For nine nights in December, however, Kim will be putting her domestic duties aside to go back to the old day job, when she joins fellow 80s icons Human League, Five Star, Altered Images, Dollar, Belle Stars and Visage for the latest Here & Now Tour.
“I think it will confuse my daughter a lot this year cos she’s old enough now to really understand it,” says Kim. “Harry was quite confused last time – he came in and I said: ‘what did you think darling?’ and he said: ‘that was my other mummy’
“We’ve got a very fast pace in the house, people coming and going – they’re very adaptable kids, they’re used to surprises.”
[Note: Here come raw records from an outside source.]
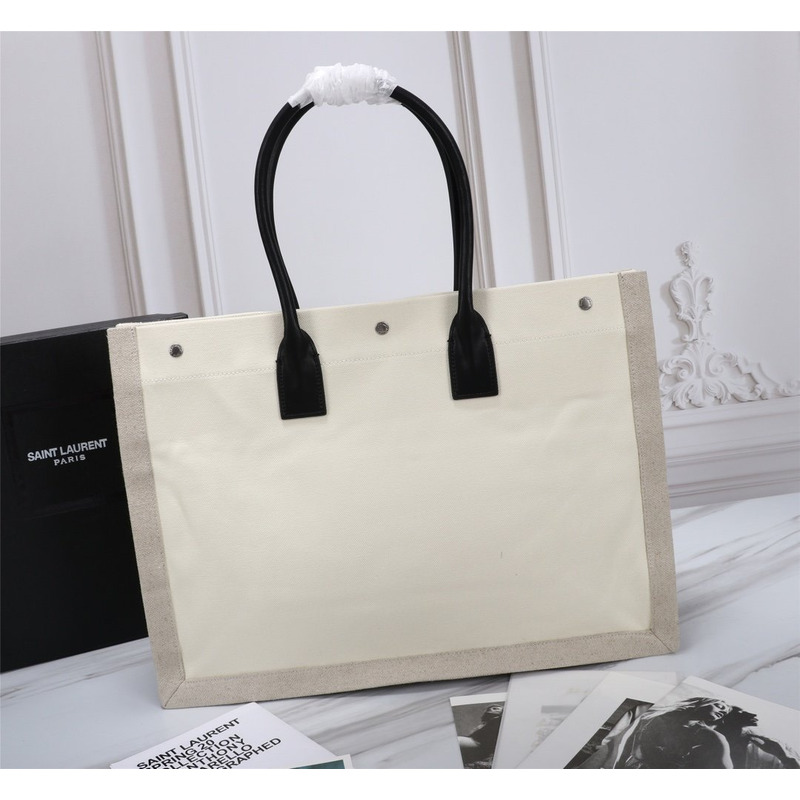 Saint Laurent Rive Gauche logo Tote Bag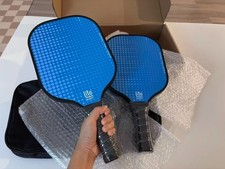 Pickleball Paddle Set   2 Paddle  4 Balls  1 Bag  Lightweight Beginner Set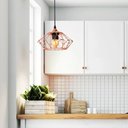 Ver imagem 4 de Lustre Pendente Luminaria Ajustavel Metal Aramado Flexivel Design Moderno Decoraçao Casa Sala Mezani
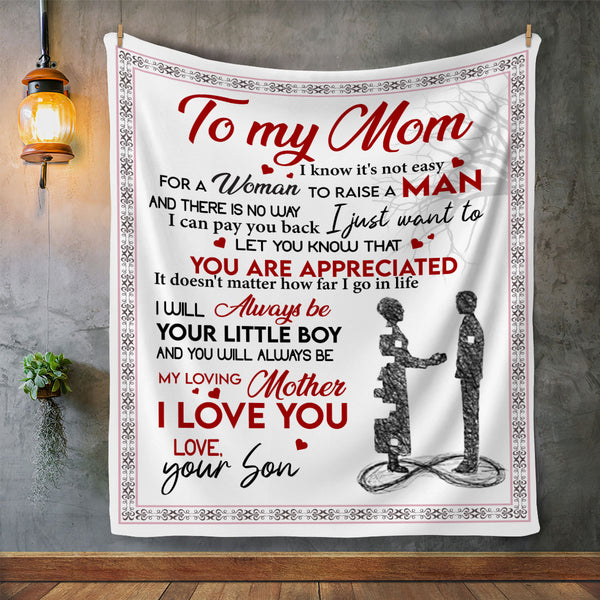 To My Mom Blanket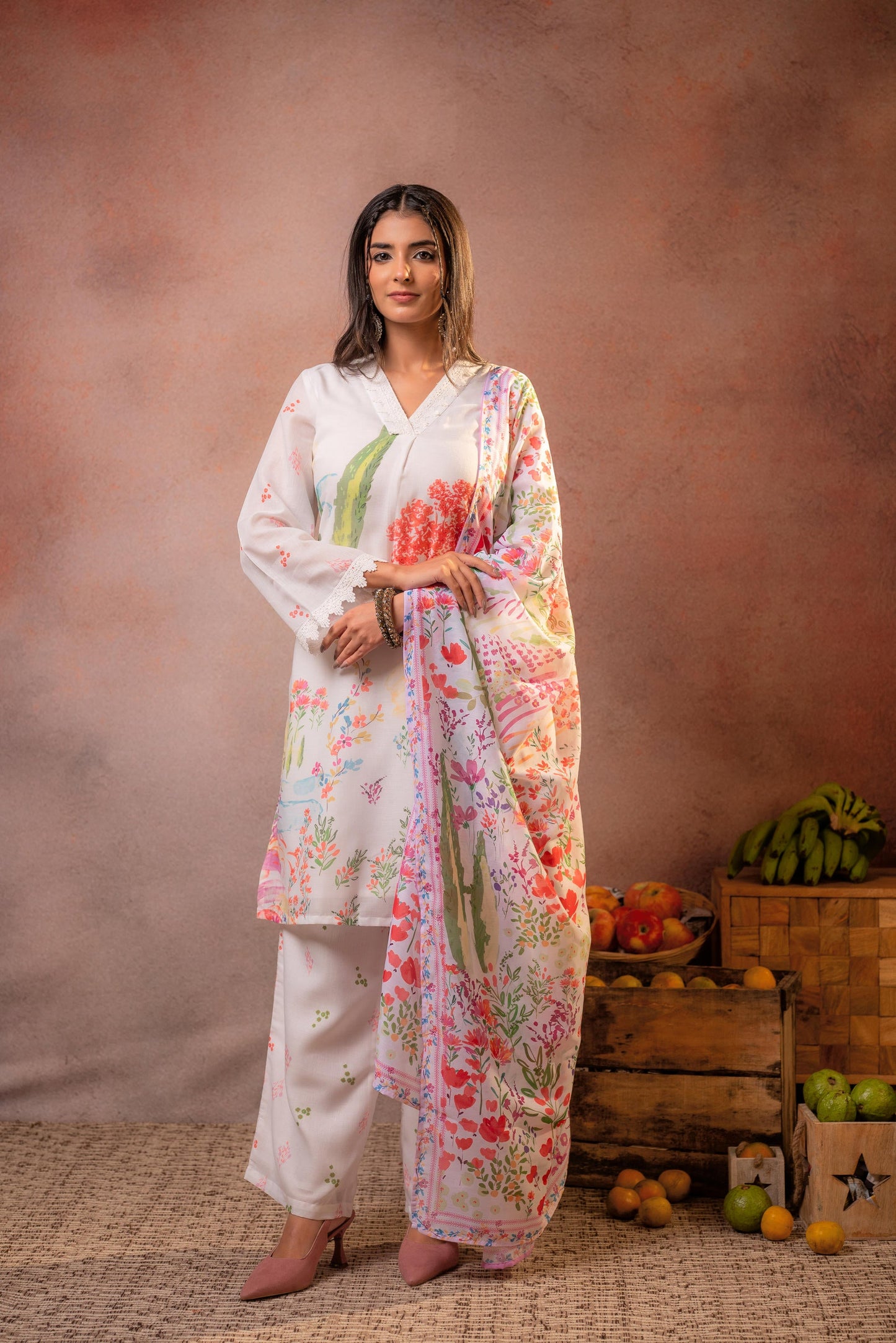 Gulnaar Garden Printed Kurta Set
It’s Kim’s second stint on the hugely popular nostalgia tour, having first appeared with the likes of Carol Decker from T’Pau and Paul Young last November: “It had been a long time since I’d done anything – about seven or eight years – it was quite scary but it was great fun,” Kim recalls. “It did me a lot of good in lots of different ways; it just got me back physically into shape, back to being Kim.
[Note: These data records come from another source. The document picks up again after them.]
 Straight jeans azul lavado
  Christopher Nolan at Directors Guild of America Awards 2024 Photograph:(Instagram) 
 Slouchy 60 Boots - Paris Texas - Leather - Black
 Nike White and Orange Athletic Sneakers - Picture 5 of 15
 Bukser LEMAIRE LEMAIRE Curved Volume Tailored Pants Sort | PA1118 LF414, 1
“I’d spent the previous years having babies, now I was back feeling confident about how I looked and how I felt, it was just really good fun. It made me realise how much I loved singing and had missed it to a degree but I haven’t missed it that much,” adds the voice behind such hits as Chequered Loved, Four Letter Word, View From A Bridge, You Came and You Keep Me Hangin’ On .
“As much as I enjoyed it I would just as happily put it to bed again. I’ve spent this past year not doing anything to do with music but it’s great fun to be able to take it out once a year and shake it all down and have some fun with it.”
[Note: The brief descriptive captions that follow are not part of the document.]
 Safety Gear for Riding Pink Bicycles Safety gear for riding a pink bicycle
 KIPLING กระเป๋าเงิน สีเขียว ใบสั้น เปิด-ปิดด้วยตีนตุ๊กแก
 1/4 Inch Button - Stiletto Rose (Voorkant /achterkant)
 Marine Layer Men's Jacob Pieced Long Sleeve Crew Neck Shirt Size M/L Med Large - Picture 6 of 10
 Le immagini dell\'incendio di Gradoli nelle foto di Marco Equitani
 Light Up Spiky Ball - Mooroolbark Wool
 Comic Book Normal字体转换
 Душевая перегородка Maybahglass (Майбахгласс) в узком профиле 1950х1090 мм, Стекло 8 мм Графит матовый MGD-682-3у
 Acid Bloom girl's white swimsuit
These days Kim is more likely to be found with a spade in her hand than a microphone, having re-invented herself as a gardening columnist/TV presenter, passing on her love of horticulture that she first developed as a child: “It was always latently there – I was brought up in Hertfordshire, which is beautiful – we lived on the doorstep of a lovely forest and all my mates’ mums and dads grew vegetables and flowers,” she explains.
“We were always going round their gardens; I grew up in that environment and always thought ‘if I ever have my own family that’s the way I’d like to bring them up’. As soon as I met Hal (her husband) and we had the children we set about making our own garden and it all took off from that.”
Now back in Hertfordshire and living in a converted 16th century barn, Kim and Hal have transformed their ‘strip of old farm land’ into ‘a Garden of Eden for our babies’, with wild flower meadow, vegetable and herb gardens as well as an area for herbaceous perennials and grasses. Kim is also planning a tropical zone and woodland area.
“It’s aimed at inspiring the kids; we put sculpture in the garden and lots of places for them to hide and play – it’s really a garden for big kids too,” she laughs.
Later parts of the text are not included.